Data masking or data obfuscation is the process of hiding original data with random characters or data.
The main reason for applying masking to a data field is to protect data that is classified as personal identifiable data, personal sensitive data or commercially sensitive data, however the data must remain usable for the purposes of undertaking valid test cycles. It must also look real and appear consistent. It is more common to have masking applied to data that is represented outside of a corporate production system. In other words, where data is needed for the purpose of application development, building program extensions and conducting various test cycles. It is common practice in enterprise computing to take data from the production systems to fill the data component, required for these non-production environments. However the practice is not always restricted to non-production environments. In some organizations, data that appears on terminal screens to call centre operators may have masking dynamically applied based on user security permissions. (e.g.: Preventing call centre operators from viewing Credit Card Numbers in billing systems)
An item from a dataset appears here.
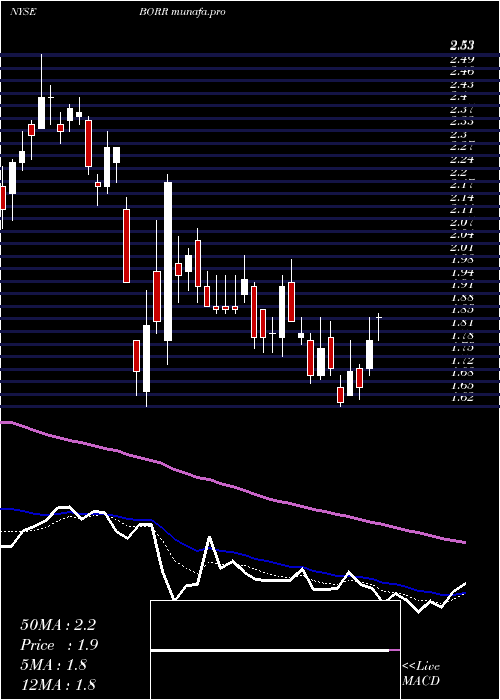 Daily chart BorrDrilling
The primary concern from a corporate governance perspective is that personnel conducting work in these non-production environments are not always security cleared to operate with the information contained in the production data. This practice represents a security hole where data can be copied by unauthorised personnel and security measures associated with standard production level controls can be easily bypassed. This represents an access point for a data security breach.
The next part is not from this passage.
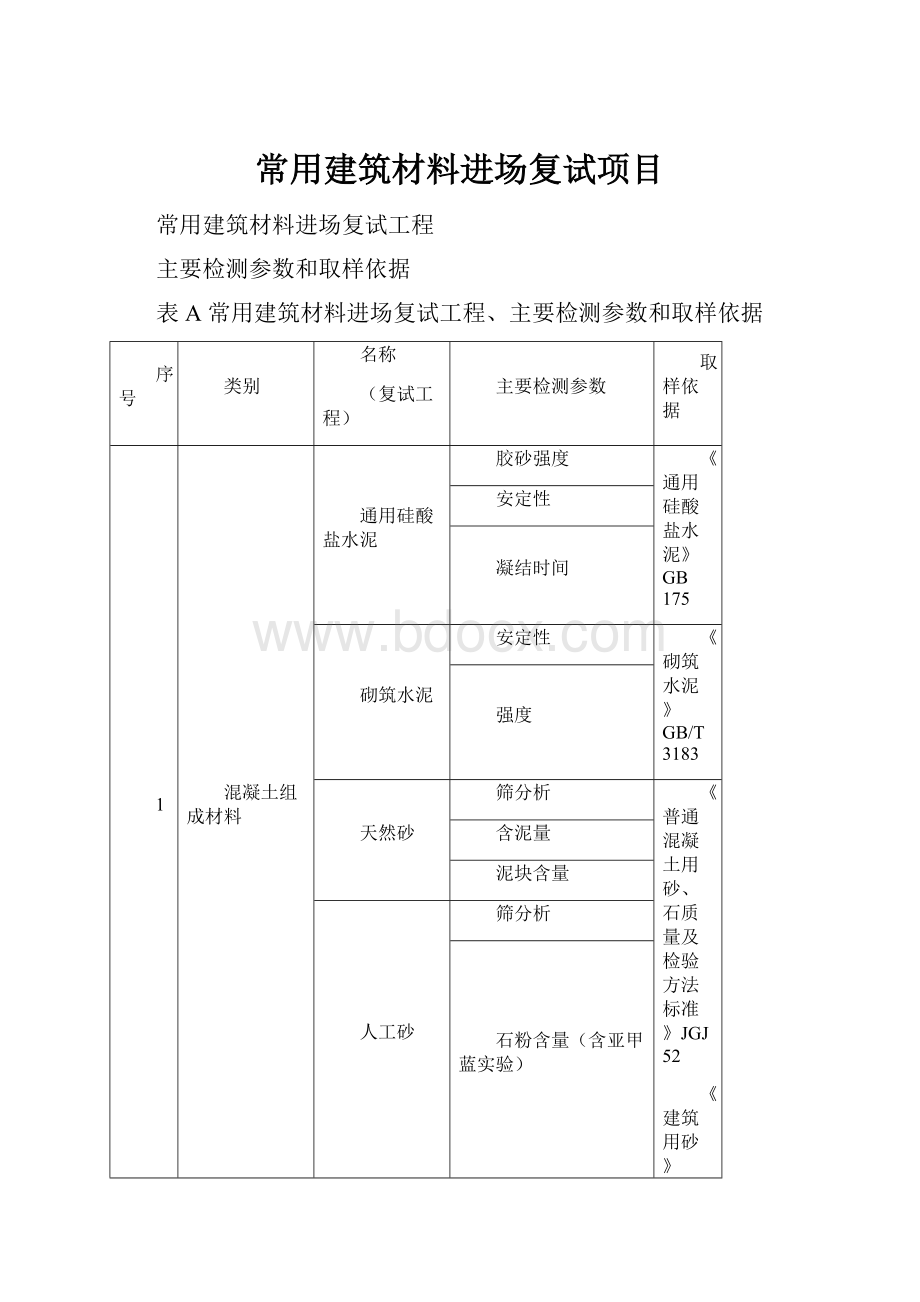 常用建筑材料进场复试项目.docx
The overall practice of Data Masking at an organisational level should be tightly coupled with the Test Management Practice and underlying Methodology and should incorporate processes for the distribution of masked test data subsets.
Data involved in any data-masking or obfuscation must remain meaningful at several levels:
Substitution is one of the most effective methods of applying data masking and being able to preserve the authentic look and feel of the data records.
It allows the masking to be performed in such a manner that another authentic looking value can be substituted for the existing value. There are several data field types where this approach provides optimal benefit in disguising the overall data sub set as to whether or not it is a masked data set. For example, if dealing with source data which contains customer records, real life surname or first name can be randomly substituted from a supplied or customised look up file. If the first pass of the substitution allows for applying a male first name to all first names, then the second pass would need to allow for applying a female first name to all first names where gender equals "F". Using this approach we could easily maintain the gender mix within the data structure, apply anonymity to the data records but also maintain a realistic looking database which could not easily be identified as a database consisting of masked data.